While exploring and testing out Static Database Masking, I made the following observations:

  • It is great you don’t need to have your database on SQL Server 2019 to use the static data masking feature. The only requirement is to have SSMS 18 preview 5 or above available, and your database needs to be on SQL Server 2012 or above.
  • When you clone/mask a database, the cloned database is created on the same instance as the source database. I can see times when you will not be able to clone your production database on the instance where it lives. Therefore, I would have preferred a dialog box that would allow me to place this database on an instance other than the instance where the original database lives.
  • A FULL backup of your original database is created during the cloning/masking process. This backup is not a copy only backup, therefore it might impact your normal backup chain. I think I would have preferred this backup to be a copy only backup so it doesn’t interfere with your normal backup routine of the database being cloned/masked. I’ve reported this to Microsoft and they have informed me that this will be changed in a future release.It is easy to create complex masking rules if you are familiar with Regex expressions. Even if you are not versed in Regex expressions, the tool has examples to help you start and build your Regex expressions. Having these examples make it somewhat easier to develop masking criteria even if a person that doesn’t speak Regex fluently.
  • Using the GUI tool to specify masking requirements might be a bit cumbersome. Therefore, it might be worthwhile to consider creating masking requirement using an XML file. Using XML files to identify the masking requirements makes the cloning/Masking process much more repeatable and will make it easier when entering lots of masking requirements.
  • At the time this article was written, I could not find a way to automate the static masking process. Hopefully by the time this feature is fully baked, the static data masking team will provide you a way to automate the masking process via a script.
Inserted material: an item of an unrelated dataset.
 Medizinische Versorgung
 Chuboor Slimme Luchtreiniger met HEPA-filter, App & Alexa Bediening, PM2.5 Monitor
Obscuring Confidential Data Easily

It has always been a challenge to cleanse production data when moving a database to a non-production environment. With the new Static Data Masking feature introduction in SSMS version 18 Preview 5, a DBA or developer can now easily cleanse their confidential data, by clone production databases in non-production environments. All it takes is to specify some masking criteria manually or with an XML file, and then running your source database through the masking/cloning process. This new feature in SSMS supports masking a database provided the database is on SQL Server 2012 or above. All DBA’s and developers that are concerned about security should be looking at using this the Static Data Masking feature every time they clone a production database for a non-production environment.